Yesterday I received a reply back from the Labour Leader of Cheshire West and Chester Cllr Samantha Dixon. I’m sure the Labour Party is aware what I do for a living, which perhaps explains why as a non-Cheshire West and Chester resident I received a reply. The car park (one of many in Chester) in question is also in the ward that the Leader of Chester West and Chester Council represents.

It’s a matter of public interest, so in the interests of hearing both sides I am publishing her reply here (and my response). As I was writing this blog post, I received a copy of the traffic regulation order and public notice too, so those are included at the end.


Dear Mr Brace

I refer to your e-mail of 21st December to the Rt. Honourable Frank Field MP and copied to a number of Cheshire West Councillors. As your e-mail is about parking in Chester city centre, I am able to provide a response to the Blue Badge parking issues you raise.

You are correct that there is a national Blue Badge scheme, details of which are set out in the Department for Transport booklet entitled "The Blue Badge scheme: rights and responsibilities in England." Under the scheme, Blue Badge holders can park close to their destination, either as a passenger or driver, but the scheme is intended for on-street parking only (please refer to pages 6 and 17 of the booklet). Where a time restriction applies, a parking clock must also be displayed as the concession is limited to a maximum stay of three hours.

Many councils, but not all, also allow Blue Badge holders to park in their car parks for three hours free of charge, but in Cheshire West, four hours free parking is available in the Council’s pay and display car parks. In some council areas, charges apply to Blue Badge holders from the point of arrival in local authority car parks. Spaces for Blue Badge holders must be provided in all car parks whether or not charges apply.

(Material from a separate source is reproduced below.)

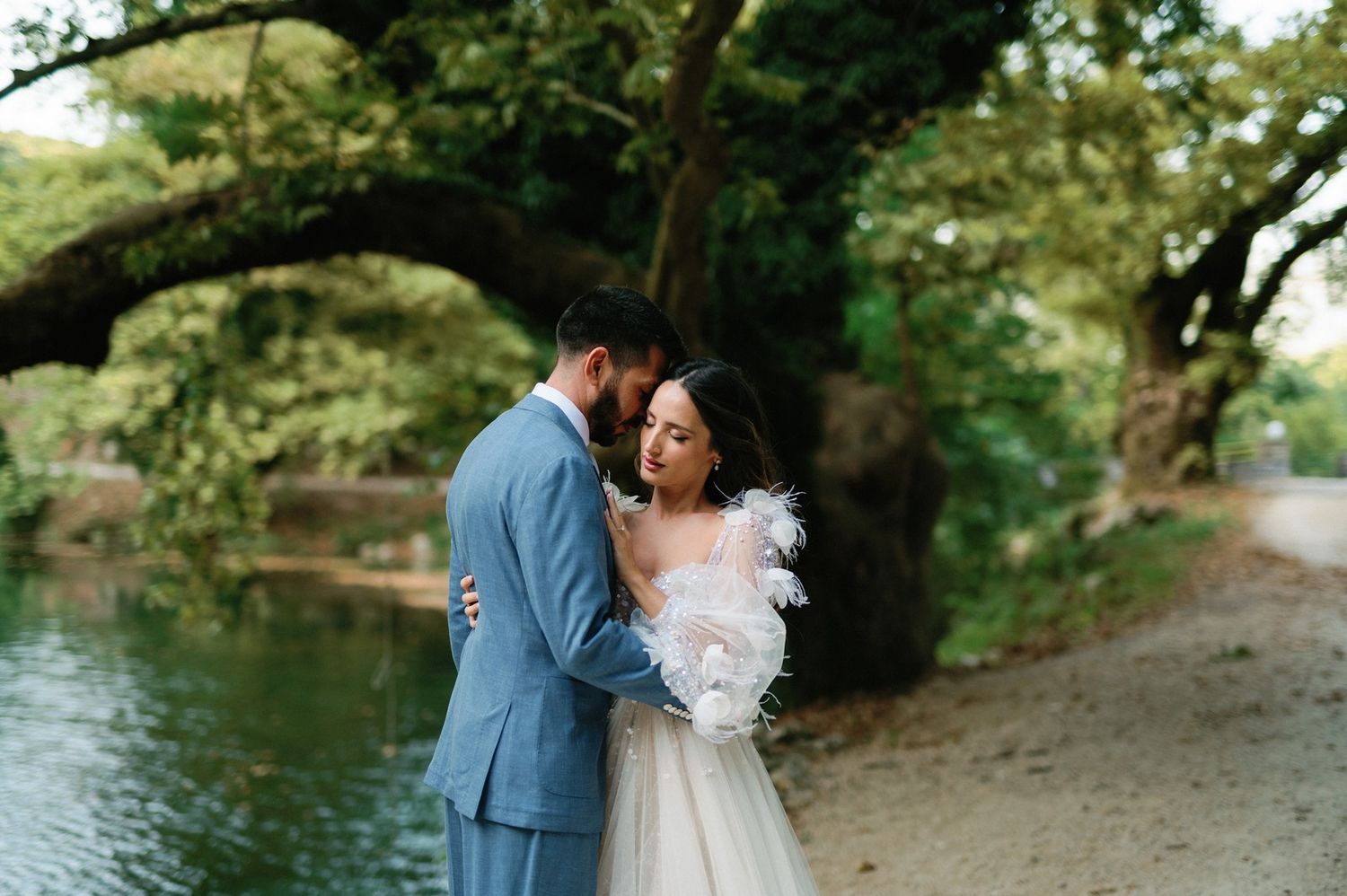 A romantic wedding couple shares an intimate moment by a tranquil lake surrounded by lush trees.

This Council is in the process of converting a number of its car parks in Chester city centre from pay and display to ‘pay on foot’ or ‘pay on exit’ systems in order to be able to manage the car parks more efficiently and to increase the flexibility of payment methods. Where ‘pay on foot’ systems are introduced, it is normally the case that free parking for Blue Badge holders is removed altogether. The Council has, however, introduced a system for borough residents who are Blue Badge holders to apply for a microchip sticker which allows four hours free parking in most car parks affected by the changes, effectively making them permit holders for the car parks in question.

Badge holders who reside outside the borough are able to continue to park for four hours free of charge in Frodsham Street and Hamilton Place car parks, both of which are located in the heart of the city and are for the exclusive use of Blue Badge holders during the day (8am to 6pm). Of these, Frodsham Street (postcode: CH1 3JJ) is the larger car park, providing 80 spaces. I can understand that the directions from Lower Watergate Street seemed quite complicated when communicated via the intercom, but I can reassure you that access to Frodsham Street car park is straightforward. There is also plentiful on-street parking for Blue Badge holders throughout the city centre.

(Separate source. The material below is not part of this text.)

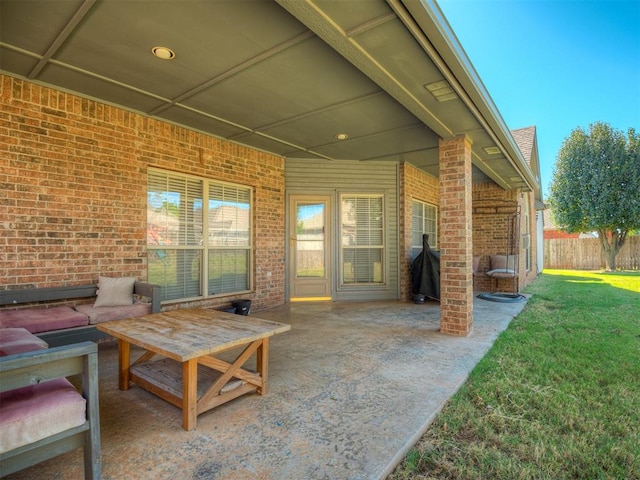view of patio / terrace featuring fence and a grill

The Council published a notice in local newspapers detailing all the impending changes on 11th June 2015 and the information also appears on the Council‘s website. The signage in the car parks is being replaced as each site is converted and no longer refers to free Blue Badge parking. In light of your comments, we will, however, review the information on the signage to see if it can be improved.

I note your comments about the ticket barriers at Chester Station. We are advised the station is managed by Arriva Trains Wales and that if you send details of your request to the company at: customer.relations@arrivatrainswales.co.uk, they will be pleased to look into it.

I am sorry that you experienced inconvenience on your recent visit and I hope this information is helpful for the future.

Yours sincerely

Sam

Councillor Samantha Dixon
Leader of the Council
Councillor for Chester City Ward (Labour)

Cheshire West and Chester Council

Tel: 01244 972868
Mobile: 07768 177238
Email: samantha.dixon@cheshirewestandchester.gov.uk


Here is my response.


Dear Cllr Dixon,

Thank you for that comprehensive reply to my original message.

I have read your reply to my wife and she has agreed that I should send this response on her behalf. I have also made a Freedom of Information request for the traffic regulation order that relates to the Lower Watergate Street car park. As you will no doubt be aware there are regulations that apply to the traffic regulation orders that apply to this sort of off street parking and at least one of these makes explicit reference to blue badge users.

Thank you for your suggestion to contact Arriva Trains Wales about Chester train station, I already have, but am still awaiting a reply.

I also realise that the decision to go out to tender for the changes to the car park system in Chester was made by a previous administration before the Labour administration took over in May. A company then supplied the barriers/intercom system whereas the operation of this parking system is controlled by Chester West and Chester Council employees.

As you (or if not you your CWAC officers) will no doubt be aware Chester West and Chester Council employees have the ability to check the validity of any blue badge (whether issued in Chester West and Chester or not).

I fear that anything I write beyond this will become somewhat technical and may only make sense to CWAC’s Monitoring Officer/ whichever solicitor at CWAC deals with traffic matters or traffic officers at CWAC. I therefore apologise in advance if I getting technical.

Firstly you haven’t outright stated if the traffic regulation orders relating to the car park in question and the other car parks that this applies to have been changed. It is possible that the notice in the paper you refer to was part of the public consultation on such changes. If so, this hasn’t made clear.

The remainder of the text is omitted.